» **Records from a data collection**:
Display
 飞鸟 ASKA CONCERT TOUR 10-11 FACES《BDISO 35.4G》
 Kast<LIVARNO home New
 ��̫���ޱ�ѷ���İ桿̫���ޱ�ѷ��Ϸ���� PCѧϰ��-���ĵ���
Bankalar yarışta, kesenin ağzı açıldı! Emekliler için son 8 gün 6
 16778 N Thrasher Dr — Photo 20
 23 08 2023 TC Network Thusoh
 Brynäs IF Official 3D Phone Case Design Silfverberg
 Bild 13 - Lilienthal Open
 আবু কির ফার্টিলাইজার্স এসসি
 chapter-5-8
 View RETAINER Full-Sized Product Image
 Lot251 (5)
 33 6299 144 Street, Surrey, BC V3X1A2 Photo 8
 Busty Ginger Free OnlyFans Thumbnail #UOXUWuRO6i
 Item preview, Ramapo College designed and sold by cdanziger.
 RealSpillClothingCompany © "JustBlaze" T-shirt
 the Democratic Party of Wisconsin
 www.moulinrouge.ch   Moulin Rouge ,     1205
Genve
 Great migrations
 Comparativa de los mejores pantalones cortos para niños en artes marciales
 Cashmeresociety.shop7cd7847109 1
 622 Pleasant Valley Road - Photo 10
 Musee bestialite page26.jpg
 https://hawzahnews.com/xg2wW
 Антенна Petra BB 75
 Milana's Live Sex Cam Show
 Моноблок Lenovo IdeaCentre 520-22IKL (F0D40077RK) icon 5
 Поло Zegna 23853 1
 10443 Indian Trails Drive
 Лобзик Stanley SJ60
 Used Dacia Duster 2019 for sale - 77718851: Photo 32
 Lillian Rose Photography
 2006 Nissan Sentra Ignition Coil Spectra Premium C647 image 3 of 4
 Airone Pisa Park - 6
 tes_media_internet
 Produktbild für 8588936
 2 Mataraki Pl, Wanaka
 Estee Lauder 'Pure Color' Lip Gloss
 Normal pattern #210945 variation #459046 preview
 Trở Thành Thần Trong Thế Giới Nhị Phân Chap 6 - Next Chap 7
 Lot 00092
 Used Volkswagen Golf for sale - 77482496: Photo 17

» **About this exercise**: Start at the line containing "Brynäs IF Official". Repeat it and each line after it, word for word, to the end of the records.

» **Output for this exercise**:
 Brynäs IF Official 3D Phone Case Design Silfverberg
 Bild 13 - Lilienthal Open
 আবু কির ফার্টিলাইজার্স এসসি
 chapter-5-8
 View RETAINER Full-Sized Product Image
 Lot251 (5)
 33 6299 144 Street, Surrey, BC V3X1A2 Photo 8
 Busty Ginger Free OnlyFans Thumbnail #UOXUWuRO6i
 Item preview, Ramapo College designed and sold by cdanziger.
 RealSpillClothingCompany © "JustBlaze" T-shirt
 the Democratic Party of Wisconsin
 www.moulinrouge.ch   Moulin Rouge ,     1205
Genve
 Great migrations
 Comparativa de los mejores pantalones cortos para niños en artes marciales
 Cashmeresociety.shop7cd7847109 1
 622 Pleasant Valley Road - Photo 10
 Musee bestialite page26.jpg
 https://hawzahnews.com/xg2wW
 Антенна Petra BB 75
 Milana's Live Sex Cam Show
 Моноблок Lenovo IdeaCentre 520-22IKL (F0D40077RK) icon 5
 Поло Zegna 23853 1
 10443 Indian Trails Drive
 Лобзик Stanley SJ60
 Used Dacia Duster 2019 for sale - 77718851: Photo 32
 Lillian Rose Photography
 2006 Nissan Sentra Ignition Coil Spectra Premium C647 image 3 of 4
 Airone Pisa Park - 6
 tes_media_internet
 Produktbild für 8588936
 2 Mataraki Pl, Wanaka
 Estee Lauder 'Pure Color' Lip Gloss
 Normal pattern #210945 variation #459046 preview
 Trở Thành Thần Trong Thế Giới Nhị Phân Chap 6 - Next Chap 7
 Lot 00092
 Used Volkswagen Golf for sale - 77482496: Photo 17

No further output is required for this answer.